Michel Foucault, no texto “Por Trás da Fábula”, observa que em toda obra narrativa é preciso distinguir fábula e ficção. A fábula se refere ao que é contado, episódios, personagens, funções que eles exercem na narrativa. A ficção, por sua vez, está ligada aos diversos regimes segundo os quais ela é narrada. Ou seja, a fábula está diretamente ligada ao que é contado; a ficção, ao modo como se narra, aos procedimentos de escrita. Assim como a fábula está ligada à cultura, a ficção está ligada à língua. Foucault ainda observa que nenhuma época utilizou simultaneamente todos os modos de ficção que podem se definir no abstrato: “deles se exclui sempre alguns que são tratados como parasitas; outros, em compensação, são privilegiados e definem uma norma”. Essas observações talvez nos ajudem a pensar melhor o livro “Conversas apócrifas com Enrique Vila-Matas” (2011), de Kelvin Falcão Klein, publicado recentemente pela editora Modelo de Nuvem. Vejamos.

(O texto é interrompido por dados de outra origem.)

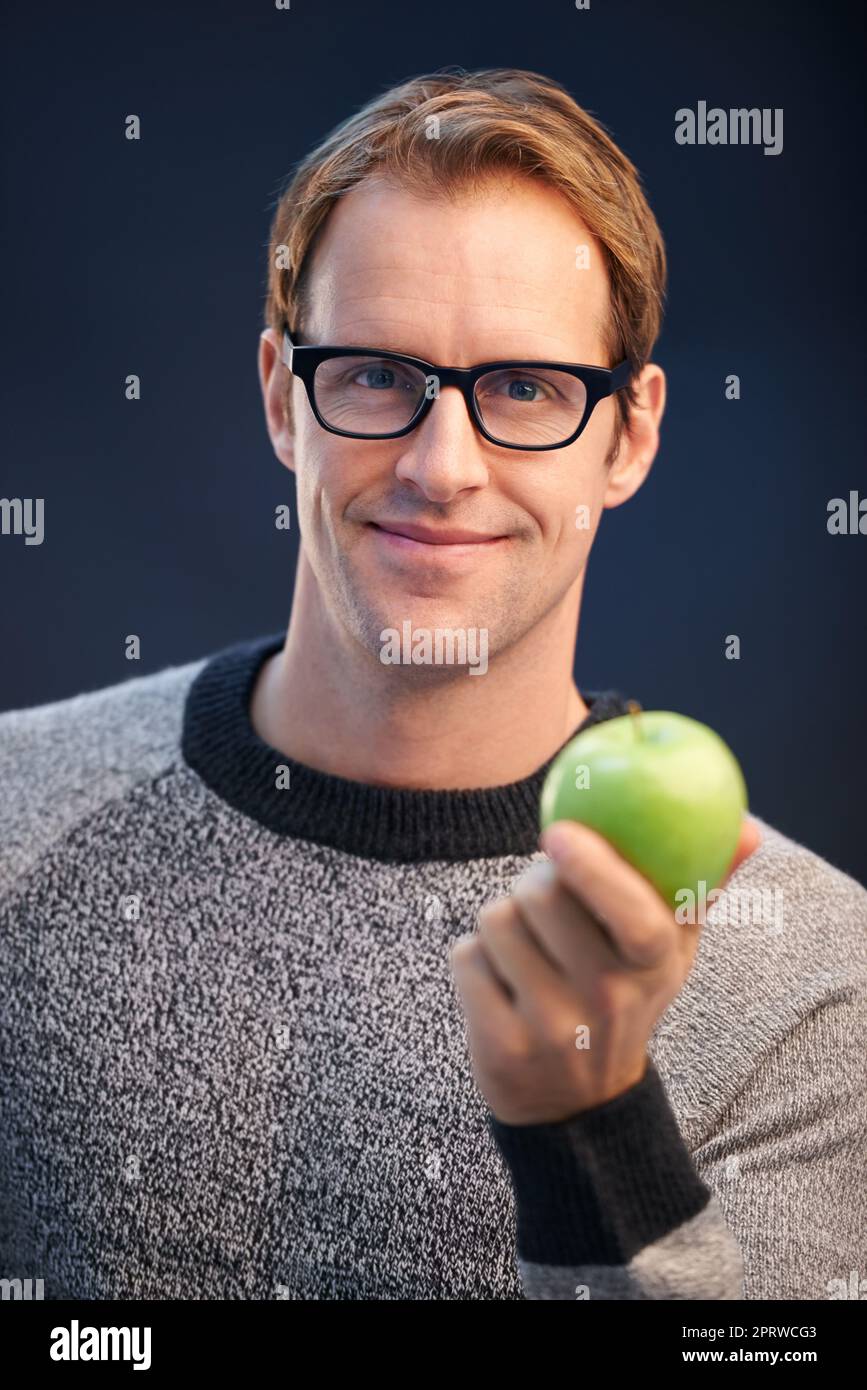 Keep calm and be a gentlemen. a man holding a apple in a studio. Stock Photo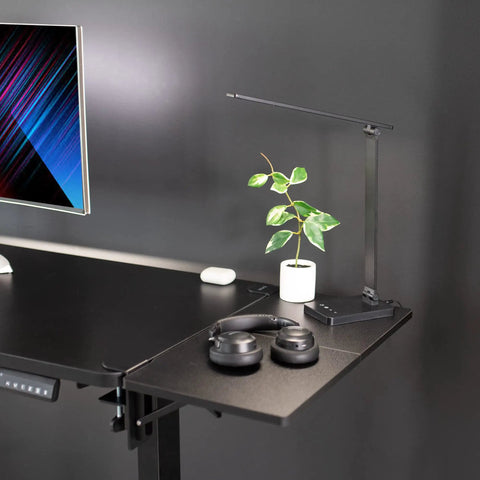 Boss Move Heavy Duty Clamp On Desk Extender With Foldable Keyboard Tray And Padded Wrist Support Expands Workspace For Sit Stand Tables Smooth Setup All Day Grind Black on black desk with headphones and lamp.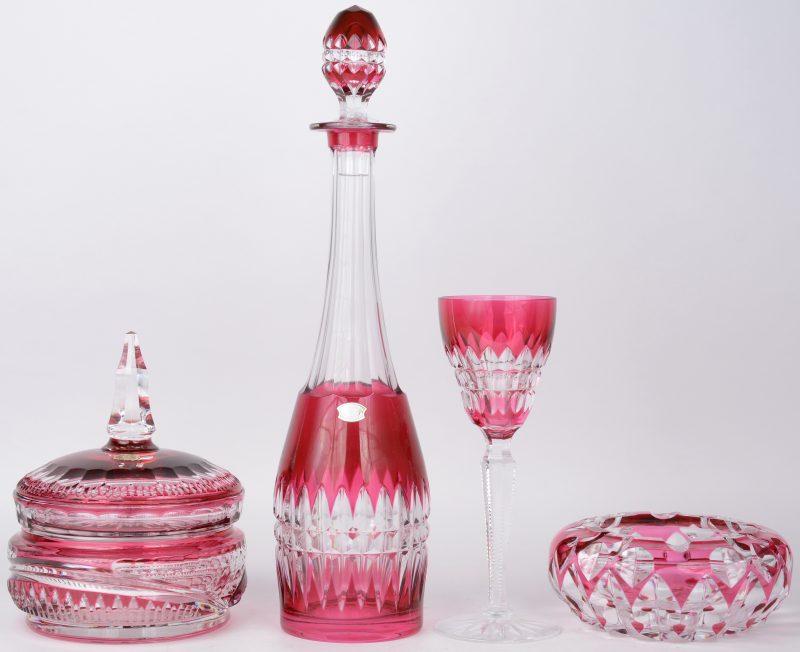 Een bonbonnière, een asbak, een glas en een karaf van geslepen kleurloos en roze kristal. Allen gemerkt, de bonbonnière genummerd.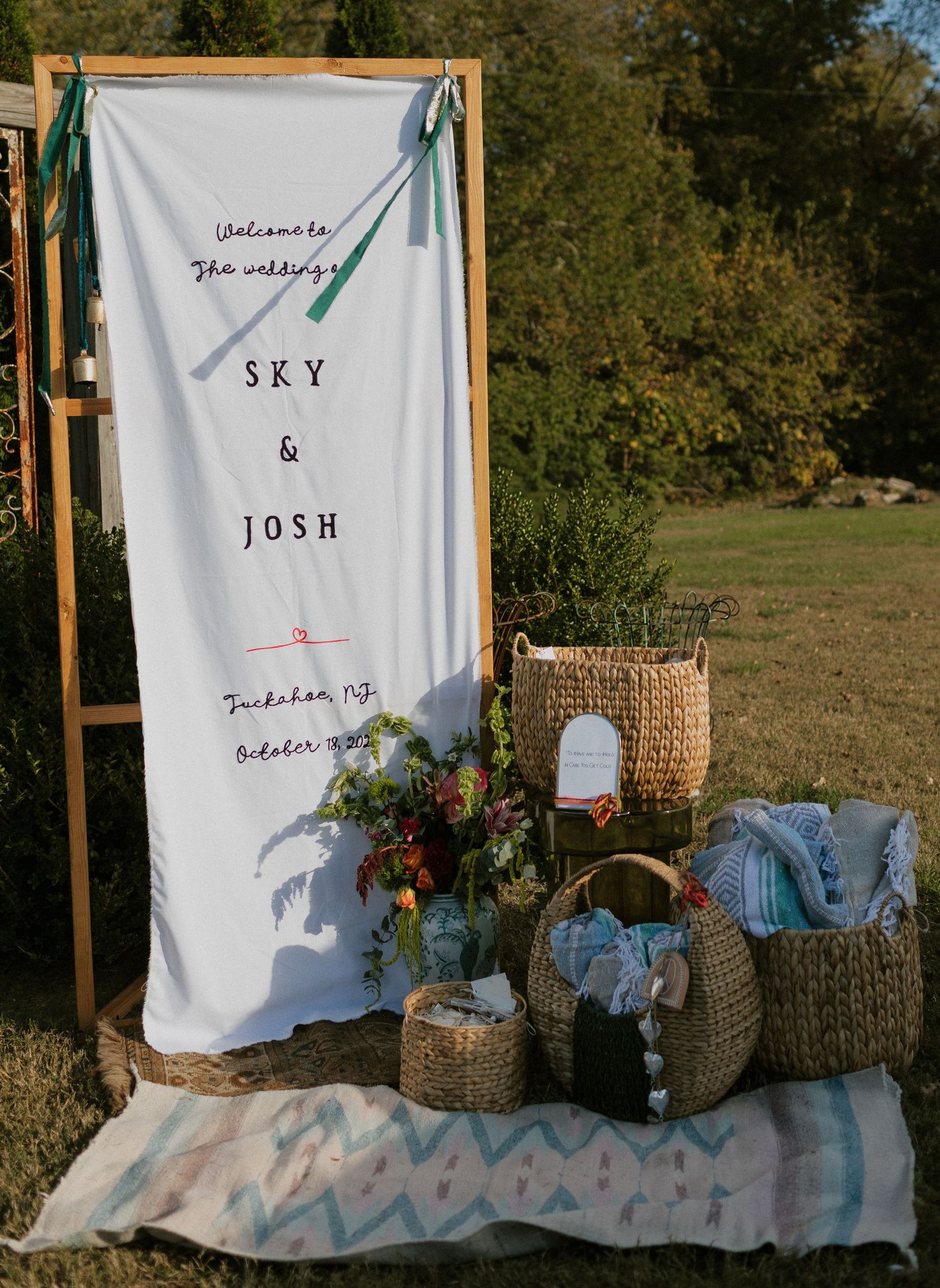 White fabric backdrop with text decorations and woven baskets arranged for an outdoor event setup.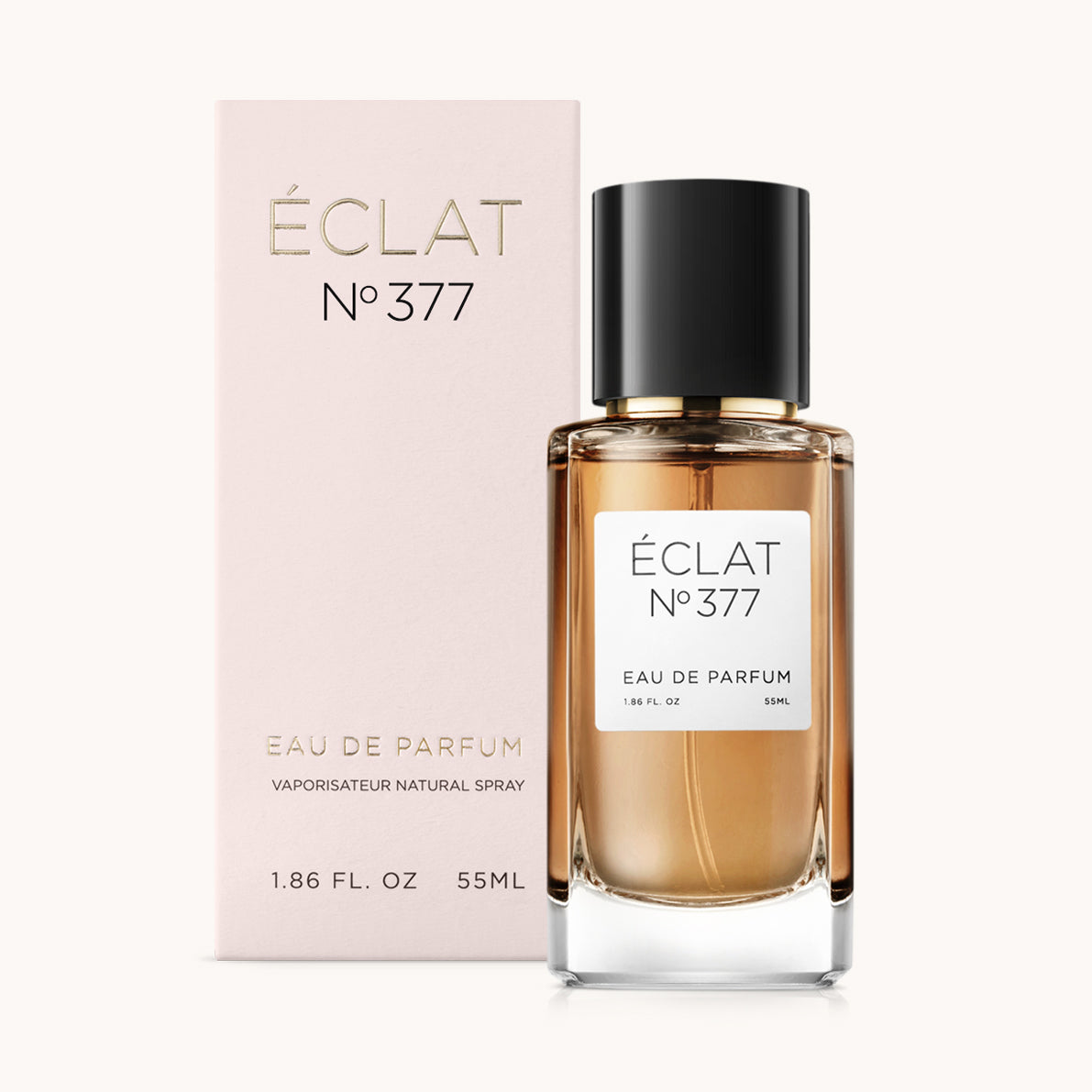 ÉCLAT Vanilla & Popcorn facettált üvegpalackban fekete kupakkal, egy lágy rózsaszín doboz előtt.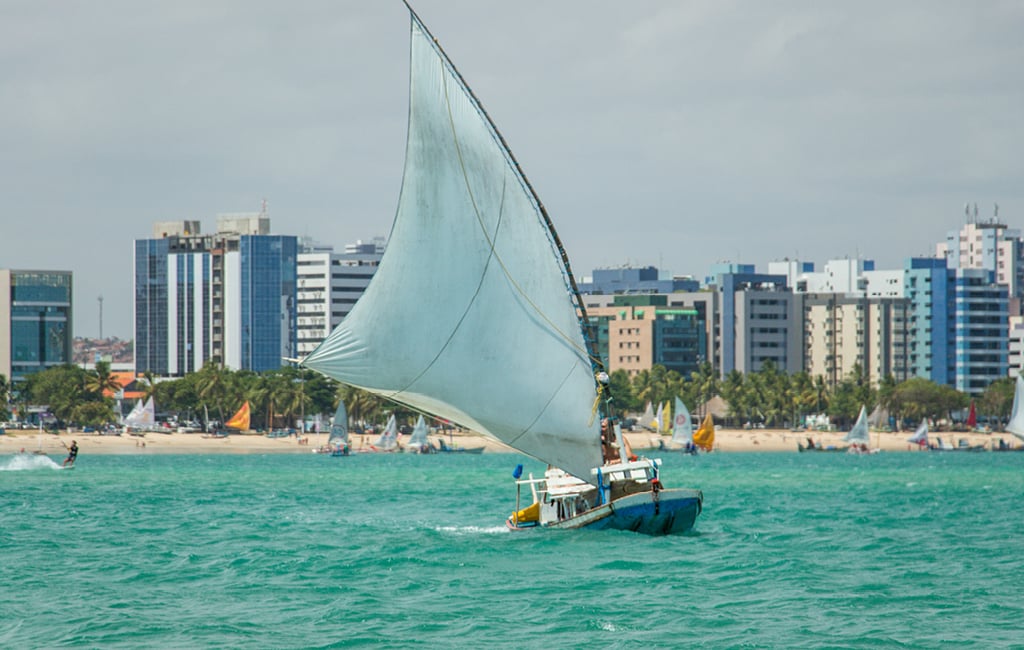 Turistas chegam a bordo de jangadas às praias naturais de Maceió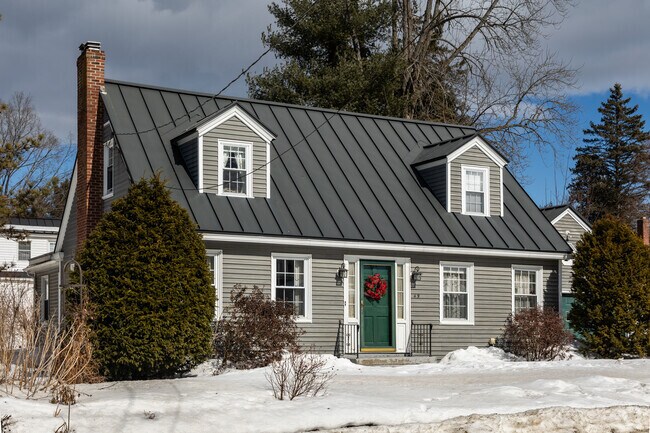 Cape Cod homes are common along the streets of Waterville.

Já no início do livro o autor (usemos ainda essa palavra alegro ma non troppo) afirma: “Este livro foi construído de forma parasitária”. Se por um lado essa forma está ligada ao fato do livro nutrir-se daquilo que absorve de outros livros, “lendo as leituras que esses livros fizeram de outros livros ainda mais distantes”, por outro, está ligada à noção de “ficção” apresentada por Foucault. É parasita porque se aloja no texto do outro, ou melhor, porque aloja o outro, antropofagicamente, em si. Os limites se embaraçam. As fronteiras se diluem. E é parasita, no sentido foucaultiano, porque trabalha com restos, aparas, produzindo um bazar de variedades, um armazém de pegadas: “Em toda escritura há sempre um resto, algo que não é digerido e que deve ser retomado inúmeras vezes, e que, retornará sempre, oscilando na lacuna que define a diferença e a repetição”.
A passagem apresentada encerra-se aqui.